• _YOUR OBJECTIVE_
Would you please return the lines of the entries below starting at the line that has "Solarcarport von unten" and ending at the line that has "Bagger des Typs", both included, exactly as they are?

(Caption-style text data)

_ _ _

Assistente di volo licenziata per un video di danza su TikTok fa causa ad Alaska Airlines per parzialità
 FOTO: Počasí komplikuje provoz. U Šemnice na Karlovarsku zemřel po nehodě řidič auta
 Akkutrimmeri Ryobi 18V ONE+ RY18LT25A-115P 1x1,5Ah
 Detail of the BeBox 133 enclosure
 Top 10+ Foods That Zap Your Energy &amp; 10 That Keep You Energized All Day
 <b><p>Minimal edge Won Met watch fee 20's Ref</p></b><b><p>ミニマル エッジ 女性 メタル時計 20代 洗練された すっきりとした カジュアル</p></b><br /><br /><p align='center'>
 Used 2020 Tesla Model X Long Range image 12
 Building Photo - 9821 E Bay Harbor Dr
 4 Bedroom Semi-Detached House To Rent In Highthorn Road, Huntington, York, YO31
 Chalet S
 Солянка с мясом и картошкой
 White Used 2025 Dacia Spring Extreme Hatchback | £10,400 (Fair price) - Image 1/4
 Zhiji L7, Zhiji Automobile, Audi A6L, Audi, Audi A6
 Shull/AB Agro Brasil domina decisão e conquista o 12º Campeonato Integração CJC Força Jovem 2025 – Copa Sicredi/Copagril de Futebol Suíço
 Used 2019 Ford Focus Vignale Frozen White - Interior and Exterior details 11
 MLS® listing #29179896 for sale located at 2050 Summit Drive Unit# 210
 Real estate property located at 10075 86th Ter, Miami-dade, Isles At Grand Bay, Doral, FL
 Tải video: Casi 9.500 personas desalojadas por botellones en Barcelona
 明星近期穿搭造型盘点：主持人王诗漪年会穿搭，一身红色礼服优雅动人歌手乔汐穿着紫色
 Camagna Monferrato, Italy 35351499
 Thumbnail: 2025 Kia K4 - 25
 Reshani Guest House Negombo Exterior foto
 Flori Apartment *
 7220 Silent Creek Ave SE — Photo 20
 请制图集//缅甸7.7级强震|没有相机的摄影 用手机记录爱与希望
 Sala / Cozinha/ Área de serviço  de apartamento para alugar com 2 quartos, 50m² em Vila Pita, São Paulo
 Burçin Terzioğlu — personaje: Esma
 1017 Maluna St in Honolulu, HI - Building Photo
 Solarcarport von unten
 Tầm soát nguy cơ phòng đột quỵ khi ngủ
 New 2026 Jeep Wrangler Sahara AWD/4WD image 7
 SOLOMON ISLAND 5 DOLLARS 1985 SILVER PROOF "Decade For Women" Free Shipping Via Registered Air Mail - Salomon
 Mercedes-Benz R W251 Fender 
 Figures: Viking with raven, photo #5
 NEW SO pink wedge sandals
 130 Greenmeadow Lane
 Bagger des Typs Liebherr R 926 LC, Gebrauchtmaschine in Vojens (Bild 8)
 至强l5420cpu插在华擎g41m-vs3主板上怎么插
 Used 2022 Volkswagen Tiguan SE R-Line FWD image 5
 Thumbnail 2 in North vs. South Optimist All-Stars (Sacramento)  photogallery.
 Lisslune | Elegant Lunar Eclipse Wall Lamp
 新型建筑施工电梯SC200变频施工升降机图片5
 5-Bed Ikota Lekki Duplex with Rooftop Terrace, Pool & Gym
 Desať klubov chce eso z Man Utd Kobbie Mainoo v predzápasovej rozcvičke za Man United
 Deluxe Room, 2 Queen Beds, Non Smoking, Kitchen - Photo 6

_ _ _

• _WRITTEN ANSWER_
 Solarcarport von unten
 Tầm soát nguy cơ phòng đột quỵ khi ngủ
 New 2026 Jeep Wrangler Sahara AWD/4WD image 7
 SOLOMON ISLAND 5 DOLLARS 1985 SILVER PROOF "Decade For Women" Free Shipping Via Registered Air Mail - Salomon
 Mercedes-Benz R W251 Fender 
 Figures: Viking with raven, photo #5
 NEW SO pink wedge sandals
 130 Greenmeadow Lane
 Bagger des Typs Liebherr R 926 LC, Gebrauchtmaschine in Vojens (Bild 8)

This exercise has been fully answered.